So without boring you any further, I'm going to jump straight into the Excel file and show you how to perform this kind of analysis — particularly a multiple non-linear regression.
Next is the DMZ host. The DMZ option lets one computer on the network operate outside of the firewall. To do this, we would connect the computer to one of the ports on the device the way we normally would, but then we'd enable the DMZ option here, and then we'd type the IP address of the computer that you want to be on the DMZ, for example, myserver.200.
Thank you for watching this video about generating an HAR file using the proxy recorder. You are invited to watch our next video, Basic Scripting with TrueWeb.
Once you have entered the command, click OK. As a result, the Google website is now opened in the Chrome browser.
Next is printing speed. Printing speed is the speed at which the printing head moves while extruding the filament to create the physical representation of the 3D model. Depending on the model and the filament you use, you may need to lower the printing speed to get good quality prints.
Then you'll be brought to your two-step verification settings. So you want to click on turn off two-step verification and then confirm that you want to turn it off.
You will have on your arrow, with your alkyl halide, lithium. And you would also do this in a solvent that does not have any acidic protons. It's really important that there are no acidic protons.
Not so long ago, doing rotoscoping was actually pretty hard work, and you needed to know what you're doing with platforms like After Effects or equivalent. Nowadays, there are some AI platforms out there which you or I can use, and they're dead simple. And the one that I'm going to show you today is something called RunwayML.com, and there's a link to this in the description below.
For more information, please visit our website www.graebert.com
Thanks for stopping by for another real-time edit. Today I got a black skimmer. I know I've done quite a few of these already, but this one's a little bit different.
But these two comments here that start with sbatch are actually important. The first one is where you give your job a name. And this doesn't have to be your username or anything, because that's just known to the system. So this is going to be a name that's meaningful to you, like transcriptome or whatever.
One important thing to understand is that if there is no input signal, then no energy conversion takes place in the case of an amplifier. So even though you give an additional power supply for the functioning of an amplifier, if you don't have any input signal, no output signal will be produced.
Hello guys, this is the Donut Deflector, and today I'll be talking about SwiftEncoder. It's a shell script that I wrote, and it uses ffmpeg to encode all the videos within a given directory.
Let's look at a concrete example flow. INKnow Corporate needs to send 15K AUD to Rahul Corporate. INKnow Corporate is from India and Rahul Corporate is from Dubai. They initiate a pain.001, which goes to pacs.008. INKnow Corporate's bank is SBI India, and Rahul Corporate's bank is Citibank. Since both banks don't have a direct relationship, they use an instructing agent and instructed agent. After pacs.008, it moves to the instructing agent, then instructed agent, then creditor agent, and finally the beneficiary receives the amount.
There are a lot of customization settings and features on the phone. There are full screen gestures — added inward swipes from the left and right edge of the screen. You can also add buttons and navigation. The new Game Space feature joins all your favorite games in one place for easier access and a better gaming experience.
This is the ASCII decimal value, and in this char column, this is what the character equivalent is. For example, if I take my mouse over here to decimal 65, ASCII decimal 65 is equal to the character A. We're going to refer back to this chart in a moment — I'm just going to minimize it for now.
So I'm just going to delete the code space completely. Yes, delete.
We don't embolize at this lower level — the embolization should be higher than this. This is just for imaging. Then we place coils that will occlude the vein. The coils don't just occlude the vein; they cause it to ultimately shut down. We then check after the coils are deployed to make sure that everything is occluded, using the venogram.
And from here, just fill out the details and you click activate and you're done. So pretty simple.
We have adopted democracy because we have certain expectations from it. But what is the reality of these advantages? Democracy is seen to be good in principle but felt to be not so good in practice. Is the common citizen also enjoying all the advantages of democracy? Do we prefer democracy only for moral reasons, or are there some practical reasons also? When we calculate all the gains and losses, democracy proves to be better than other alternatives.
= = = = =
The answer should hold only the lines from the start of the records above through the line containing "Then you'll be", each set down exactly.

So without boring you any further, I'm going to jump straight into the Excel file and show you how to perform this kind of analysis — particularly a multiple non-linear regression.
Next is the DMZ host. The DMZ option lets one computer on the network operate outside of the firewall. To do this, we would connect the computer to one of the ports on the device the way we normally would, but then we'd enable the DMZ option here, and then we'd type the IP address of the computer that you want to be on the DMZ, for example, myserver.200.
Thank you for watching this video about generating an HAR file using the proxy recorder. You are invited to watch our next video, Basic Scripting with TrueWeb.
Once you have entered the command, click OK. As a result, the Google website is now opened in the Chrome browser.
Next is printing speed. Printing speed is the speed at which the printing head moves while extruding the filament to create the physical representation of the 3D model. Depending on the model and the filament you use, you may need to lower the printing speed to get good quality prints.
Then you'll be brought to your two-step verification settings. So you want to click on turn off two-step verification and then confirm that you want to turn it off.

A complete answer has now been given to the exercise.